Milos Stehlik, director of the Chicago-based video distributor and art-house proprietor Facets Multi-Media (which occasionally dabbles in theatrical distribution as well), has been observing the transformation of the indie-film niche for many years. The studio specialty divisions, he says, "release a lot of good movies, and that's terrific. But they are the big gorillas in this little pond, and the way they can play the economics is very different. If something doesn't work, they can absorb the loss. When something does work, they can maximize it and reap the payoff. Their business model is very different from anything a true independent with meager resources can muster."

So the mini-major studios are implacably shoving the genuine indie distributors out of the marketplace they created; isn't that just capitalism at work? Beyond empathizing with a few people's bruised egos and disordered career paths, why should you care about this? That's an open question, but my own hunch is that, "Into Great Silence" aside, certain kinds of unconventional and demanding films, the ones the specialty divisions don't know how to package and present as spiritually beneficial holiday fare, will get driven even further under the radar than they are already. In my conversation with Stehlik, we began wondering whether filmmakers like Andrei Tarkovsky and Krzysztof Kieslowski (not that they were ever so wildly popular) would even get noticed if they were working today.

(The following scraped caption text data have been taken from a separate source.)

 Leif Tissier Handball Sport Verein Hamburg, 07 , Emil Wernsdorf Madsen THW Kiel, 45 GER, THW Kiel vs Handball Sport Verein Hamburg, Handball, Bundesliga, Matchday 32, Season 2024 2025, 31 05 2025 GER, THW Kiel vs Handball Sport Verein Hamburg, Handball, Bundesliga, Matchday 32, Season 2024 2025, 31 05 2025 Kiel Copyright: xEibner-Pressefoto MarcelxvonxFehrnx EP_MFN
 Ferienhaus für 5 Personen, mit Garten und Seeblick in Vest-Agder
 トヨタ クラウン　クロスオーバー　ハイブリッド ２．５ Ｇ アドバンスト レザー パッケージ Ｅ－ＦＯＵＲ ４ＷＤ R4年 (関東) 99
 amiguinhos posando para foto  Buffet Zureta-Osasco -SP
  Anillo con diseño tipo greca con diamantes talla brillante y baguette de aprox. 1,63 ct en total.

"When you see exciting and terrific films that come with all this festival imprimatur, with rave reviews from all the critics, and they become barely a blink on the box-office scene, it's depressing," says Stehlik. "It's probably a harbinger of very bad things to come." (He's specifically talking about "The Death of Mr. Lazarescu," one of the best-reviewed films of 2006, which made less than $80,000 in U.S. release.) But Stehlik's answer to Lenin's perennial question for would-be revolutionaries ("What Is to Be Done?") is pretty much the same as everyone else's in the business: Like it or not, sooner or later we've got to leave the damn movie theaters behind.

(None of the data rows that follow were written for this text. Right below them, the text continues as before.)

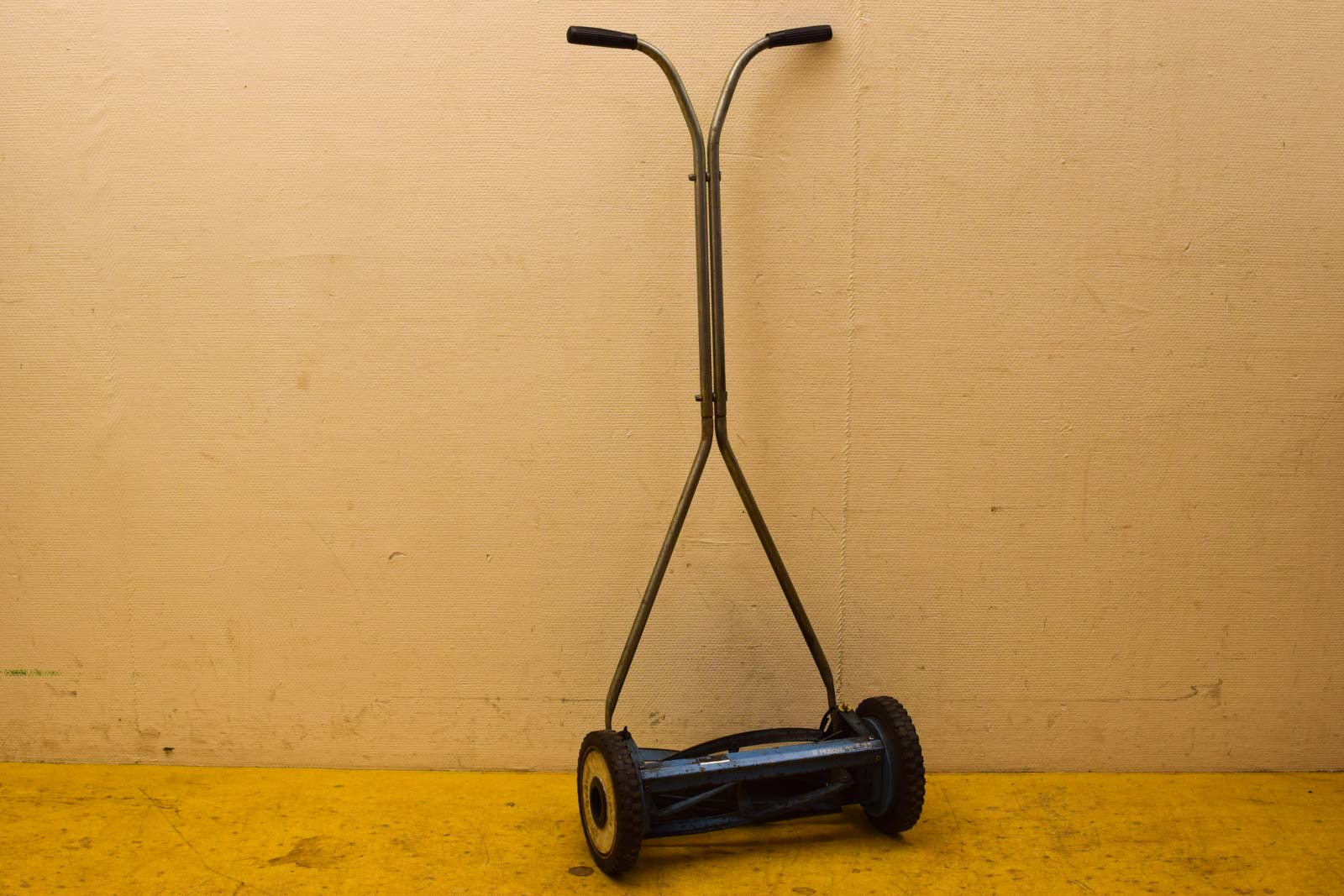 Alternative view of Husqvarna 8/35 handgrasmaaier  47896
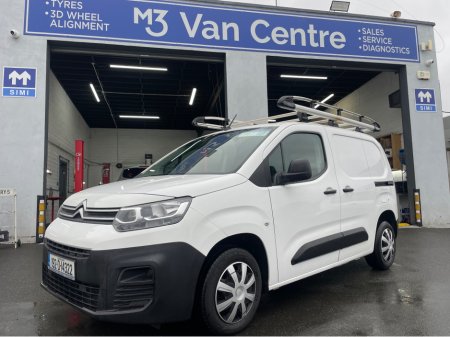 2019 Citroen Berlingo 2019 Citroen Berlingo LX 220v Built in socket!!! €9,950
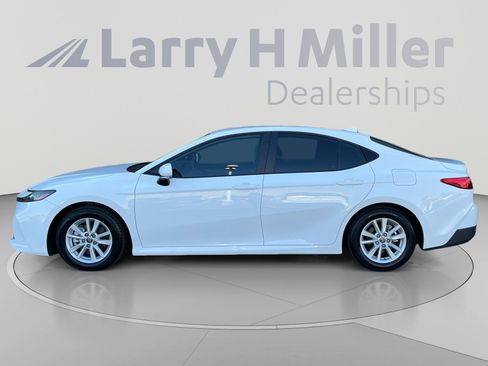 Used 2026 Toyota Camry LE FWD image 2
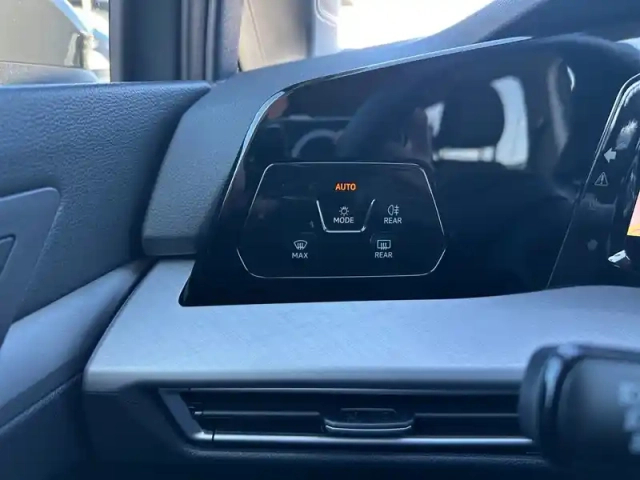 Volkswagen Golf 1.5 ehybrid 204 dsg6 — photo 30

Facets has moved almost entirely away from theatrical release, and Stehlik notes that the old-school art-film audience has already retreated to their home entertainment systems. "In a very small way, DVD is keeping that art-house scene alive. I almost feel like independent film is going back underground, like it was in the 1950s and '60s. I mean, the cultural landscape is very different, and the technology is very different. I'm not sure the fundamental economics are very different." (His company's all-time best-selling DVD set, for example, is Kieslowski's 10-part series "The Decalogue.")

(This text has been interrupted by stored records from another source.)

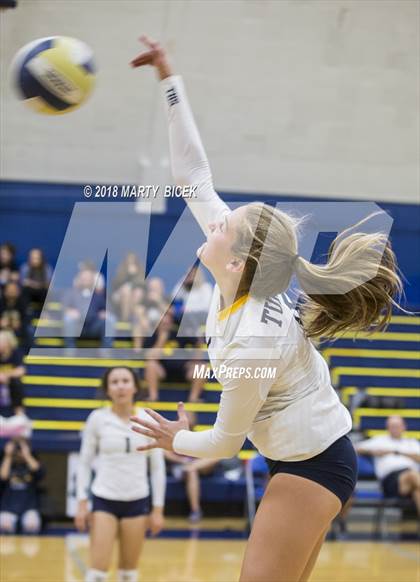Thumbnail 2 in Enochs @ Turlock photogallery.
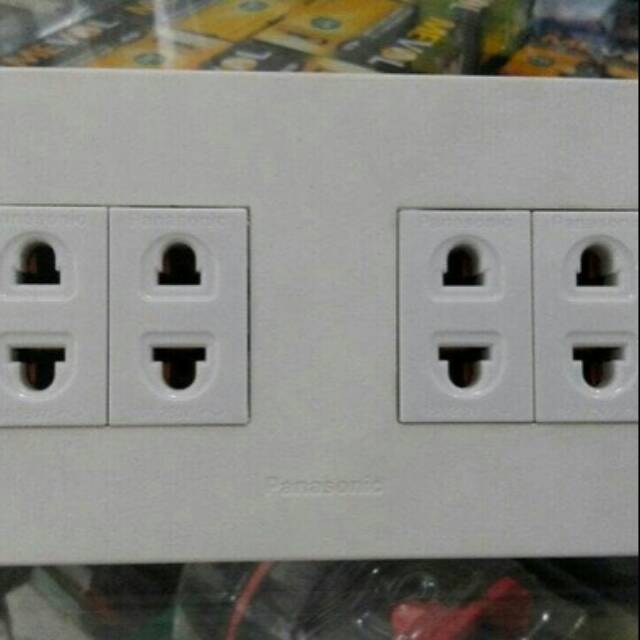 Panasonic Stop Kontak Univ Mini 4 Gang Style White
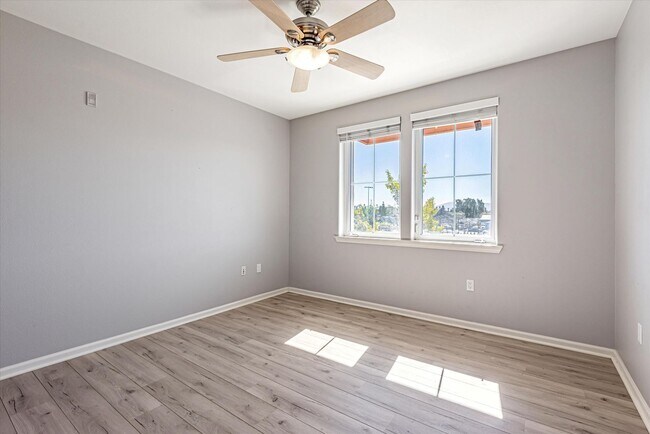 Foto del edificio - Light and Bright 1 Bedroom Condo with Park...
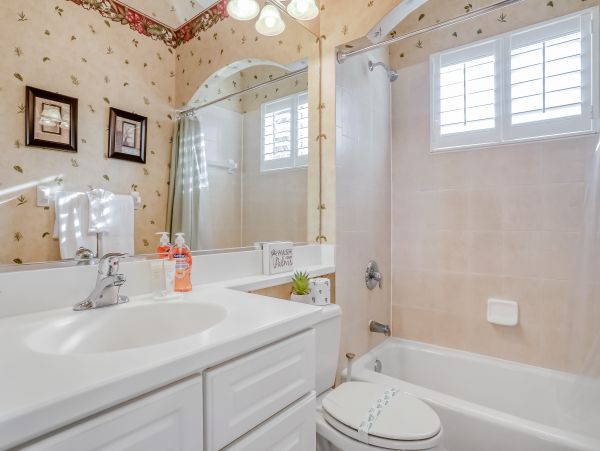 Anna Maria Island Holmes Beach Home 1007619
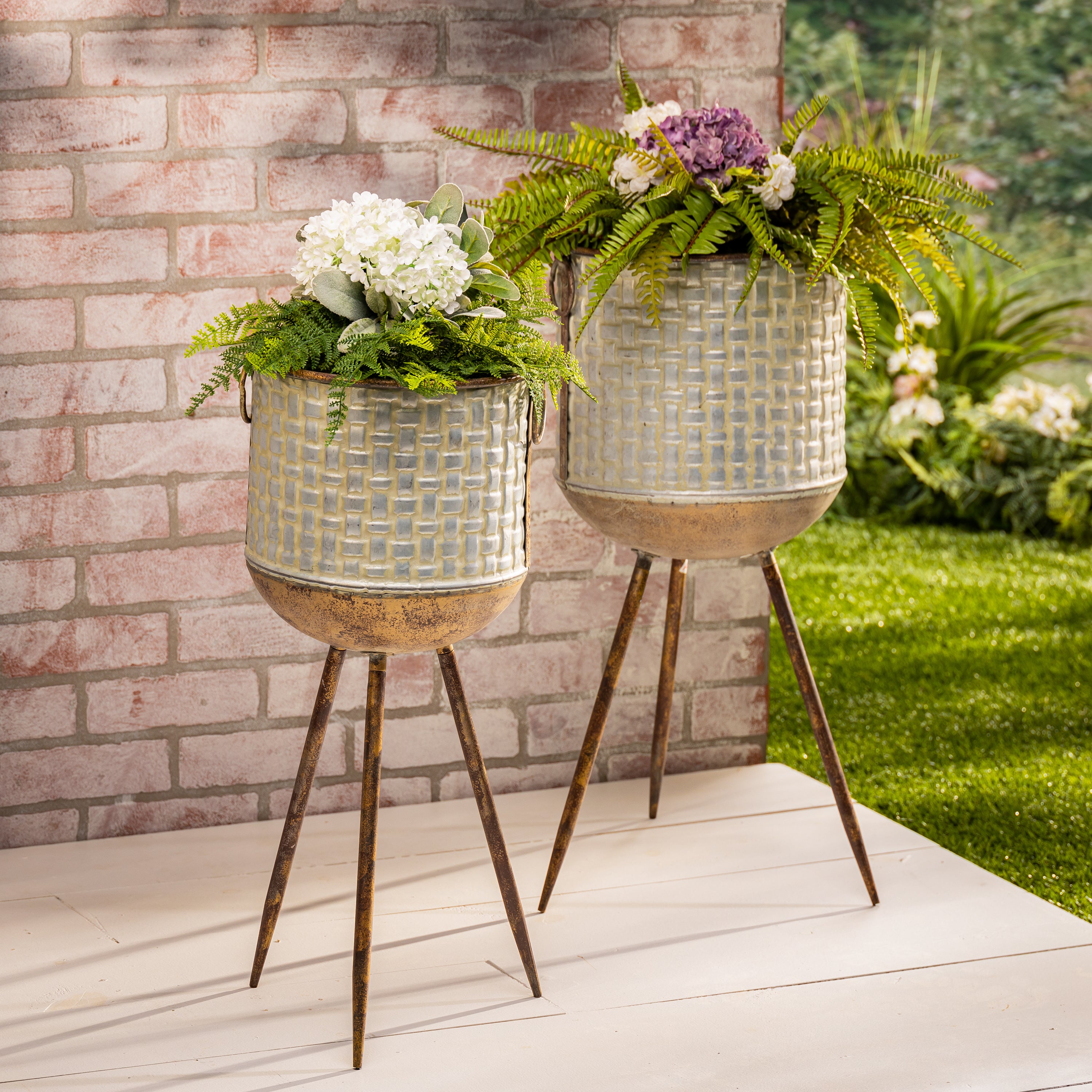 Set of 2 Round Galvanized Planters with Embossed Weave Pattern and Stand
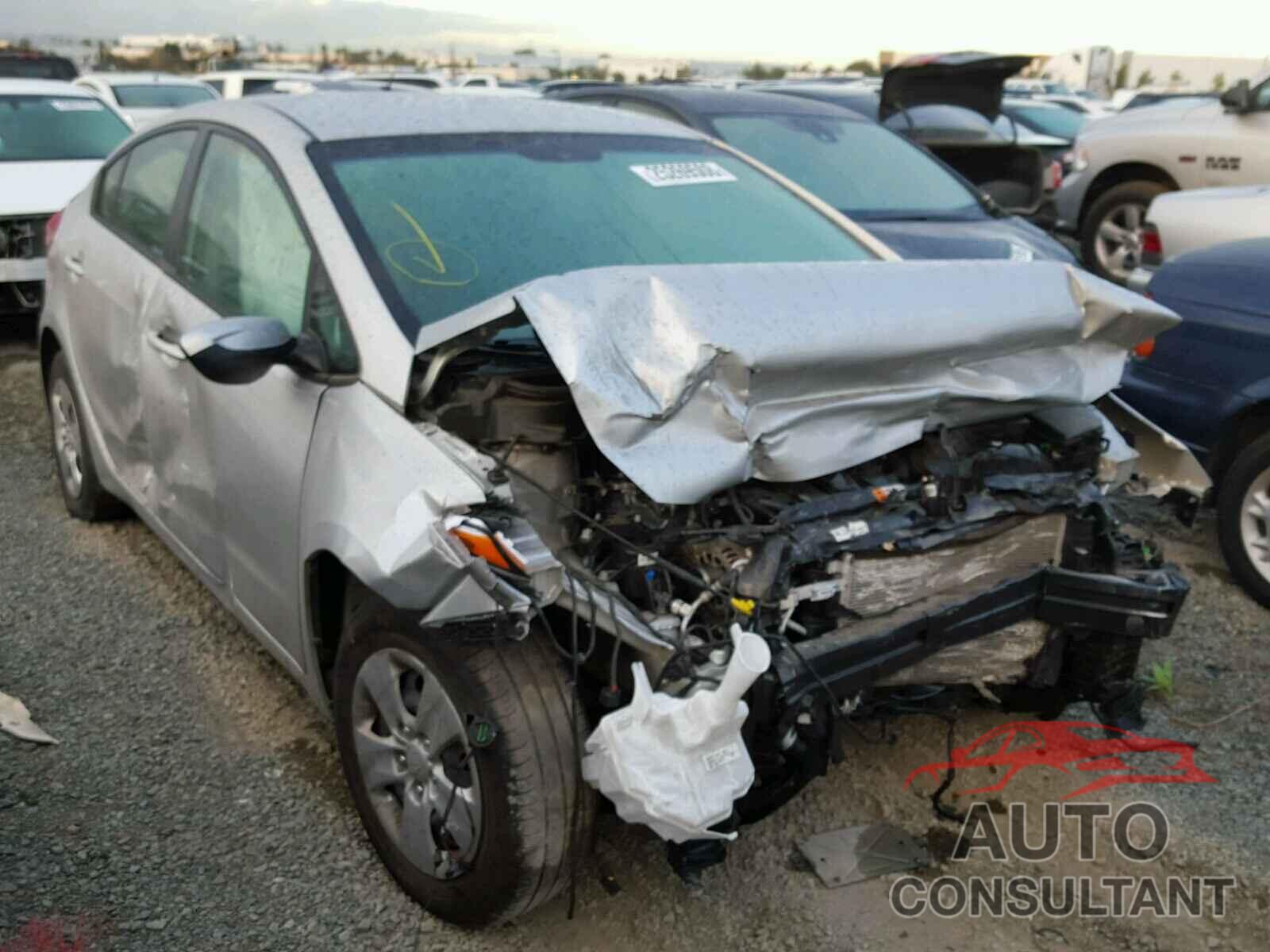 KIA FORTE 2017 - 3KPFK4A70HE051010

Sehring's company, IFC, is also gradually decoupling itself from the hazards of theatrical release, but in a different direction. Over the past year or so, IFC has committed to a refined version of the controversial "day-and-date" release strategy, whereby films are released in a handful of theaters and simultaneously become available via video-on-demand (VOD), or pay-per-view, to cable TV customers. This has yet to produce a breakthrough hit, but Sehring says that Ken Loach's Palme d'Or winner "The Wind That Shakes the Barley" and Shane Meadows' acclaimed skinhead saga "This Is England" both did about as well on TV as they did in theaters, and that Jeff Garlin's low-key comedy "I Want Someone to Eat Cheese With," while almost unnoticed on the big screen, did "unbelievable business" in VOD.